Years later at university I felt I’d made a desperate mistake. I should have gone to Cambridge, I thought, as I was increasingly ill because of lack of sleep as every night, students rioted up and down the corridors with drink, occasional drugs, and their crazy new freedom. I never considered the Oxbridge entrance exam because I felt it was for another class of person I didn’t want to be part of. I didn’t like the idea of class based or class influenced education. I still don’t. Nor, however, did I like having my teeth broken by a class mate thug or currently like being subjected to left based labelling theory: you are this, you are that, it’s bad, I am not, I am your moral superior. So called politics is about the crudest and most stupid form of discourse there is. I’m compelled to say I don’t like the right either, to escape the discourse.

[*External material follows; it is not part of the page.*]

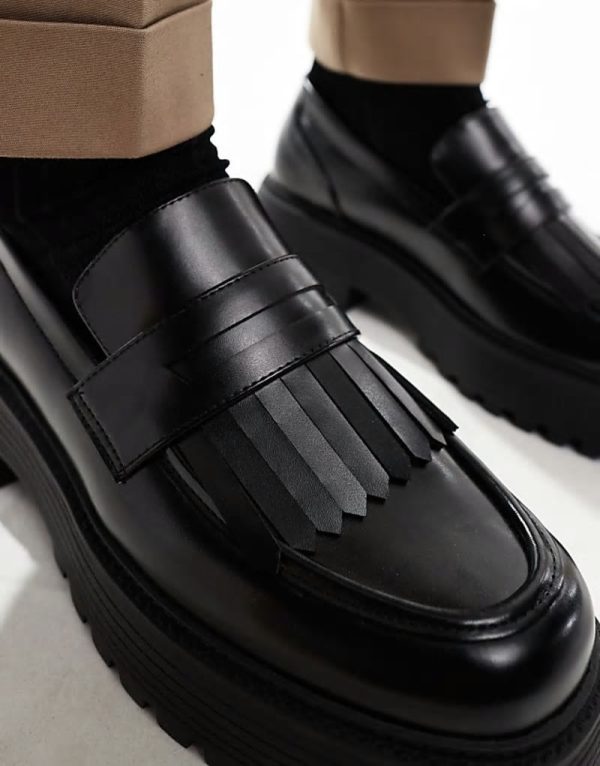 chunky loafers in black with fringing - Image 4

You can’t pin me down and box me up in your wrestling hold.

The right is to some extent individualist within the above, and that has to be (separately) correct insofar as it recognises human agency and dignity. This is part of the benefit of hill walking. You recover you. You’re not allowed this in communist and religious systems where some books for example are banned. You are told what to read. That in itself is enormously revealing. It means they don’t trust your intelligence to read anything, anywhere, if you so wish, forming your own ideas. We know about this from both history and current world facts. You draw a cartoon and you might be killed. You serve the Party, never question, never think, wear a uniform if not literally then psychologically. You suck the Big Brother state like a hungry puppy and, comrade, you are never weaned.

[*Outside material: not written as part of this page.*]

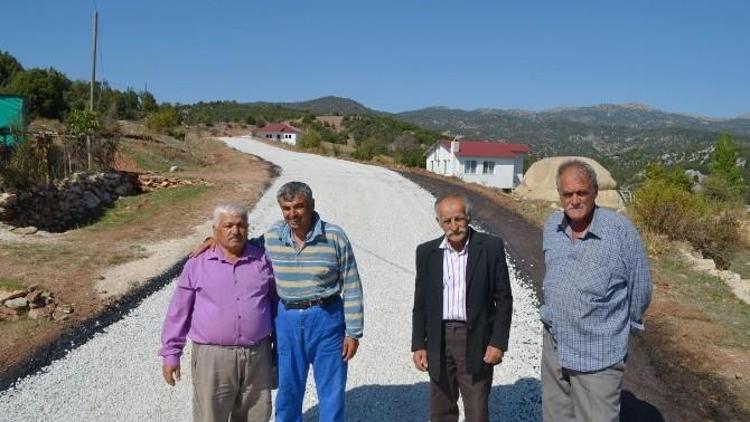 Seydikemer Yayla Patlangıç’ta Asfaltsız Yol Kalmadı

How can you be so obtuse in the film Shawshank Redemption is more than a logical retort against a sadistic prison governor. The governor is everywhere. It’s a prison you don’t see. Those words are echoed in Winston Smith, Socrates, Thomas Anderson, Morpheus, Carl Jung, Jean Baudrillard, Neil Postman, John “the savage,” Edward Abbey, and me.

This is part of the meaning of Abbey’s powerful statement concerning hill walking and the human spirit: wilderness is not a luxury but a necessity of the human spirit. There’s no Marx in the wilderness. But there is you.

Or on a slight tangent, as Noel Gallagher once said, everything’s choreographed now, it’s fucking rubbish. There’s no choreography in the Pyrenees. Nor Scotland Munros, Snowdonia hills, or Lake District fells. Or as Joe Strummer said with melodic anger, we will teach our twisted speech to the young believers.

Which is essentially, in turn, the same twisted speech William Shakespeare describes as that glib and oily art of so called politics.